Task -> Could you print every record below exactly as it appears?

_ _ _ _ _ _ _

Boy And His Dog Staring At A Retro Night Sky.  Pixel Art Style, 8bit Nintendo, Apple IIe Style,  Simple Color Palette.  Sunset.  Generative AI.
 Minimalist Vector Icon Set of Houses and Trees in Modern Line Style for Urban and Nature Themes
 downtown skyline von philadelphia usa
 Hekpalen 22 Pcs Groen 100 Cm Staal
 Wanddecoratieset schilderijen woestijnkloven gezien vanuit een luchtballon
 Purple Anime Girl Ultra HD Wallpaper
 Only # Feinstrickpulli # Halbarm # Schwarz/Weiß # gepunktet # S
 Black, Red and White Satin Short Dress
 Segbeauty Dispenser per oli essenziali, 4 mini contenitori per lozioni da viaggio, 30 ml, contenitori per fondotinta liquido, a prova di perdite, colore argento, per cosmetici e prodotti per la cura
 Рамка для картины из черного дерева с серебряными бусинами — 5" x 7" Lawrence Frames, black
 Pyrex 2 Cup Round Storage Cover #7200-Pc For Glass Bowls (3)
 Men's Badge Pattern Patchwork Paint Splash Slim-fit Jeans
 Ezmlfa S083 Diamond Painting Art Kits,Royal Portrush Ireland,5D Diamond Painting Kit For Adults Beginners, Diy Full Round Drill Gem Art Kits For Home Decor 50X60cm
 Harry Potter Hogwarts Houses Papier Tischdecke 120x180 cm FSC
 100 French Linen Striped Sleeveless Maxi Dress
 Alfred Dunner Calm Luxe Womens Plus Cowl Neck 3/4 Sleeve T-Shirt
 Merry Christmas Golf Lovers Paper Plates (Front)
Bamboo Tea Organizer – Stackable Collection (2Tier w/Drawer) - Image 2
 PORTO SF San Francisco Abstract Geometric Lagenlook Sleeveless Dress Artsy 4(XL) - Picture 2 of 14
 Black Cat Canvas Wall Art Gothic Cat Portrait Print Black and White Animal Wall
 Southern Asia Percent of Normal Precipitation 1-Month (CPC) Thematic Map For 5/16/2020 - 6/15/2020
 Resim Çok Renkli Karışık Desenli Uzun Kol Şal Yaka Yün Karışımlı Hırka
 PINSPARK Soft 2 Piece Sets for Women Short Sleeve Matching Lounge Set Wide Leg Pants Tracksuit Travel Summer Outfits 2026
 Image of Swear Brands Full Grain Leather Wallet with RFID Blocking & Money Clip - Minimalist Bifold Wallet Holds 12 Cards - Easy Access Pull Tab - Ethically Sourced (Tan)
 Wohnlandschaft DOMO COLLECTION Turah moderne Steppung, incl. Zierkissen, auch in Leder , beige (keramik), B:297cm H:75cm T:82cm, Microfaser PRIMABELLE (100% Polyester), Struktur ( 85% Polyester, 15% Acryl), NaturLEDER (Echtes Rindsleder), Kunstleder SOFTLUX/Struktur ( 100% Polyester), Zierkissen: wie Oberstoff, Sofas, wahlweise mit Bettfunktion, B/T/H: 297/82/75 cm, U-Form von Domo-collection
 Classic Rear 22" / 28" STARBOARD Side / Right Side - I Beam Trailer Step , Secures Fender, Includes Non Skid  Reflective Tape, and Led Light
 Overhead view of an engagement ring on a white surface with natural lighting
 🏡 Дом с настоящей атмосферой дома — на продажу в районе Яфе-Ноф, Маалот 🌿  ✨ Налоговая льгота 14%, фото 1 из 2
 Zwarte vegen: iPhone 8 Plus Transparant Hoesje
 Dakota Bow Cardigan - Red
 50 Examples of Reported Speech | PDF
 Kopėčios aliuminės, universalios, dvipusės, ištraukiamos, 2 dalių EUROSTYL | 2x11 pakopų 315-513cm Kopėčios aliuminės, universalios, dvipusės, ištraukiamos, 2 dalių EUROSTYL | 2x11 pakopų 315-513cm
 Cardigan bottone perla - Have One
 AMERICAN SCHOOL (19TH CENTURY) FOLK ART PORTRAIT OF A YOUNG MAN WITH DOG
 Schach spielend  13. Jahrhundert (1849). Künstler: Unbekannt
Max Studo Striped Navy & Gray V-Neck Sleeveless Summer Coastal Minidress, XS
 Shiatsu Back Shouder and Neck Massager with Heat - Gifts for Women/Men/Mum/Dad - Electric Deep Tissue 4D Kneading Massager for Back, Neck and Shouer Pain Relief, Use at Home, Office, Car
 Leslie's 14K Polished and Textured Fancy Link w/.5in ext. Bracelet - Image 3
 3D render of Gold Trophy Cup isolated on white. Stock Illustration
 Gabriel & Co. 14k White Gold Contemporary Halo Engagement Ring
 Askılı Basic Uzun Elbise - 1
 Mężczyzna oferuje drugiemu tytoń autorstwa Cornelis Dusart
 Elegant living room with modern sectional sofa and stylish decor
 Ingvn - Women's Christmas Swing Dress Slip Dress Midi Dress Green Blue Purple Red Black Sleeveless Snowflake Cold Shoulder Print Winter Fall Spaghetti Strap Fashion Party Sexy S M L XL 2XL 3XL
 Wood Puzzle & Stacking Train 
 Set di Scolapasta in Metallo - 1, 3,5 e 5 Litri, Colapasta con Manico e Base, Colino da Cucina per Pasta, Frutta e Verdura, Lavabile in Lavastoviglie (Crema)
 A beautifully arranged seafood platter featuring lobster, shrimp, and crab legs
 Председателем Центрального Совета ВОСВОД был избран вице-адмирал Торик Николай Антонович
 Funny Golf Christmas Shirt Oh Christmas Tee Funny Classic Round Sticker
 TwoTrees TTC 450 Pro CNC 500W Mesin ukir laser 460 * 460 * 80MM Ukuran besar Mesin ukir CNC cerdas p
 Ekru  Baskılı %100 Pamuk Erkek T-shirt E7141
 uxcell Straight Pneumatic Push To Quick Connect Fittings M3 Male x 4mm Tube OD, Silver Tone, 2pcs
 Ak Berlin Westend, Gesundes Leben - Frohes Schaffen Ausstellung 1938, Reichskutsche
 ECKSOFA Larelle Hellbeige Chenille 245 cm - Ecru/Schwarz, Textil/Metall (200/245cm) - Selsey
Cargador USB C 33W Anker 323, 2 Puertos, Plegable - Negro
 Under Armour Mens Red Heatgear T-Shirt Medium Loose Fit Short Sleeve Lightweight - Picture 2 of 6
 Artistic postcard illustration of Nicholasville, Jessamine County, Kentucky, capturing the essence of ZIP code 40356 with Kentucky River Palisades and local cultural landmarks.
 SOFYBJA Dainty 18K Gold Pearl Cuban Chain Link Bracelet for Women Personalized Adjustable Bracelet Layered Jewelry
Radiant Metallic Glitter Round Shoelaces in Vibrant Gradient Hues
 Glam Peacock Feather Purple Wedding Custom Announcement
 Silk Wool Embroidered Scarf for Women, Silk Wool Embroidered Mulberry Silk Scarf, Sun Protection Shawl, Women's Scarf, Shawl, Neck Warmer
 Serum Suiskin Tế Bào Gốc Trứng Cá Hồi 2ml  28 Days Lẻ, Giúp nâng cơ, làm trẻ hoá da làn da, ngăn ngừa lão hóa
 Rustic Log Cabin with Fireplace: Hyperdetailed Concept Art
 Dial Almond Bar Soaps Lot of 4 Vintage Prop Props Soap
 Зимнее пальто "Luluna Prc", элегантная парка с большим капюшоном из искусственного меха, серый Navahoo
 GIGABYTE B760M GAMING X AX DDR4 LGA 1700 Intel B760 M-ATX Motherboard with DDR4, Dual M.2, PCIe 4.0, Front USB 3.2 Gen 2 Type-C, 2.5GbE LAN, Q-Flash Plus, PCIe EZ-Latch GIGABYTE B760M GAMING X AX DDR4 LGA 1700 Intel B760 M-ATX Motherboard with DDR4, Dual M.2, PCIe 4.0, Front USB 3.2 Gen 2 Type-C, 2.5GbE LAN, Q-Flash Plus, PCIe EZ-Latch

_ _ _ _ _ _ _

Completed task ->
Boy And His Dog Staring At A Retro Night Sky.  Pixel Art Style, 8bit Nintendo, Apple IIe Style,  Simple Color Palette.  Sunset.  Generative AI.
 Minimalist Vector Icon Set of Houses and Trees in Modern Line Style for Urban and Nature Themes
 downtown skyline von philadelphia usa
 Hekpalen 22 Pcs Groen 100 Cm Staal
 Wanddecoratieset schilderijen woestijnkloven gezien vanuit een luchtballon
 Purple Anime Girl Ultra HD Wallpaper
 Only # Feinstrickpulli # Halbarm # Schwarz/Weiß # gepunktet # S
 Black, Red and White Satin Short Dress
 Segbeauty Dispenser per oli essenziali, 4 mini contenitori per lozioni da viaggio, 30 ml, contenitori per fondotinta liquido, a prova di perdite, colore argento, per cosmetici e prodotti per la cura
 Рамка для картины из черного дерева с серебряными бусинами — 5" x 7" Lawrence Frames, black
 Pyrex 2 Cup Round Storage Cover #7200-Pc For Glass Bowls (3)
 Men's Badge Pattern Patchwork Paint Splash Slim-fit Jeans
 Ezmlfa S083 Diamond Painting Art Kits,Royal Portrush Ireland,5D Diamond Painting Kit For Adults Beginners, Diy Full Round Drill Gem Art Kits For Home Decor 50X60cm
 Harry Potter Hogwarts Houses Papier Tischdecke 120x180 cm FSC
 100 French Linen Striped Sleeveless Maxi Dress
 Alfred Dunner Calm Luxe Womens Plus Cowl Neck 3/4 Sleeve T-Shirt
 Merry Christmas Golf Lovers Paper Plates (Front)
Bamboo Tea Organizer – Stackable Collection (2Tier w/Drawer) - Image 2
 PORTO SF San Francisco Abstract Geometric Lagenlook Sleeveless Dress Artsy 4(XL) - Picture 2 of 14
 Black Cat Canvas Wall Art Gothic Cat Portrait Print Black and White Animal Wall
 Southern Asia Percent of Normal Precipitation 1-Month (CPC) Thematic Map For 5/16/2020 - 6/15/2020
 Resim Çok Renkli Karışık Desenli Uzun Kol Şal Yaka Yün Karışımlı Hırka
 PINSPARK Soft 2 Piece Sets for Women Short Sleeve Matching Lounge Set Wide Leg Pants Tracksuit Travel Summer Outfits 2026
 Image of Swear Brands Full Grain Leather Wallet with RFID Blocking & Money Clip - Minimalist Bifold Wallet Holds 12 Cards - Easy Access Pull Tab - Ethically Sourced (Tan)
 Wohnlandschaft DOMO COLLECTION Turah moderne Steppung, incl. Zierkissen, auch in Leder , beige (keramik), B:297cm H:75cm T:82cm, Microfaser PRIMABELLE (100% Polyester), Struktur ( 85% Polyester, 15% Acryl), NaturLEDER (Echtes Rindsleder), Kunstleder SOFTLUX/Struktur ( 100% Polyester), Zierkissen: wie Oberstoff, Sofas, wahlweise mit Bettfunktion, B/T/H: 297/82/75 cm, U-Form von Domo-collection
 Classic Rear 22" / 28" STARBOARD Side / Right Side - I Beam Trailer Step , Secures Fender, Includes Non Skid  Reflective Tape, and Led Light
 Overhead view of an engagement ring on a white surface with natural lighting
 🏡 Дом с настоящей атмосферой дома — на продажу в районе Яфе-Ноф, Маалот 🌿  ✨ Налоговая льгота 14%, фото 1 из 2
 Zwarte vegen: iPhone 8 Plus Transparant Hoesje
 Dakota Bow Cardigan - Red
 50 Examples of Reported Speech | PDF
 Kopėčios aliuminės, universalios, dvipusės, ištraukiamos, 2 dalių EUROSTYL | 2x11 pakopų 315-513cm Kopėčios aliuminės, universalios, dvipusės, ištraukiamos, 2 dalių EUROSTYL | 2x11 pakopų 315-513cm
 Cardigan bottone perla - Have One
 AMERICAN SCHOOL (19TH CENTURY) FOLK ART PORTRAIT OF A YOUNG MAN WITH DOG
 Schach spielend  13. Jahrhundert (1849). Künstler: Unbekannt
Max Studo Striped Navy & Gray V-Neck Sleeveless Summer Coastal Minidress, XS
 Shiatsu Back Shouder and Neck Massager with Heat - Gifts for Women/Men/Mum/Dad - Electric Deep Tissue 4D Kneading Massager for Back, Neck and Shouer Pain Relief, Use at Home, Office, Car
 Leslie's 14K Polished and Textured Fancy Link w/.5in ext. Bracelet - Image 3
 3D render of Gold Trophy Cup isolated on white. Stock Illustration
 Gabriel & Co. 14k White Gold Contemporary Halo Engagement Ring
 Askılı Basic Uzun Elbise - 1
 Mężczyzna oferuje drugiemu tytoń autorstwa Cornelis Dusart
 Elegant living room with modern sectional sofa and stylish decor
 Ingvn - Women's Christmas Swing Dress Slip Dress Midi Dress Green Blue Purple Red Black Sleeveless Snowflake Cold Shoulder Print Winter Fall Spaghetti Strap Fashion Party Sexy S M L XL 2XL 3XL
 Wood Puzzle & Stacking Train 
 Set di Scolapasta in Metallo - 1, 3,5 e 5 Litri, Colapasta con Manico e Base, Colino da Cucina per Pasta, Frutta e Verdura, Lavabile in Lavastoviglie (Crema)
 A beautifully arranged seafood platter featuring lobster, shrimp, and crab legs
 Председателем Центрального Совета ВОСВОД был избран вице-адмирал Торик Николай Антонович
 Funny Golf Christmas Shirt Oh Christmas Tee Funny Classic Round Sticker
 TwoTrees TTC 450 Pro CNC 500W Mesin ukir laser 460 * 460 * 80MM Ukuran besar Mesin ukir CNC cerdas p
 Ekru  Baskılı %100 Pamuk Erkek T-shirt E7141
 uxcell Straight Pneumatic Push To Quick Connect Fittings M3 Male x 4mm Tube OD, Silver Tone, 2pcs
 Ak Berlin Westend, Gesundes Leben - Frohes Schaffen Ausstellung 1938, Reichskutsche
 ECKSOFA Larelle Hellbeige Chenille 245 cm - Ecru/Schwarz, Textil/Metall (200/245cm) - Selsey
Cargador USB C 33W Anker 323, 2 Puertos, Plegable - Negro
 Under Armour Mens Red Heatgear T-Shirt Medium Loose Fit Short Sleeve Lightweight - Picture 2 of 6
 Artistic postcard illustration of Nicholasville, Jessamine County, Kentucky, capturing the essence of ZIP code 40356 with Kentucky River Palisades and local cultural landmarks.
 SOFYBJA Dainty 18K Gold Pearl Cuban Chain Link Bracelet for Women Personalized Adjustable Bracelet Layered Jewelry
Radiant Metallic Glitter Round Shoelaces in Vibrant Gradient Hues
 Glam Peacock Feather Purple Wedding Custom Announcement
 Silk Wool Embroidered Scarf for Women, Silk Wool Embroidered Mulberry Silk Scarf, Sun Protection Shawl, Women's Scarf, Shawl, Neck Warmer
 Serum Suiskin Tế Bào Gốc Trứng Cá Hồi 2ml  28 Days Lẻ, Giúp nâng cơ, làm trẻ hoá da làn da, ngăn ngừa lão hóa
 Rustic Log Cabin with Fireplace: Hyperdetailed Concept Art
 Dial Almond Bar Soaps Lot of 4 Vintage Prop Props Soap
 Зимнее пальто "Luluna Prc", элегантная парка с большим капюшоном из искусственного меха, серый Navahoo
 GIGABYTE B760M GAMING X AX DDR4 LGA 1700 Intel B760 M-ATX Motherboard with DDR4, Dual M.2, PCIe 4.0, Front USB 3.2 Gen 2 Type-C, 2.5GbE LAN, Q-Flash Plus, PCIe EZ-Latch GIGABYTE B760M GAMING X AX DDR4 LGA 1700 Intel B760 M-ATX Motherboard with DDR4, Dual M.2, PCIe 4.0, Front USB 3.2 Gen 2 Type-C, 2.5GbE LAN, Q-Flash Plus, PCIe EZ-Latch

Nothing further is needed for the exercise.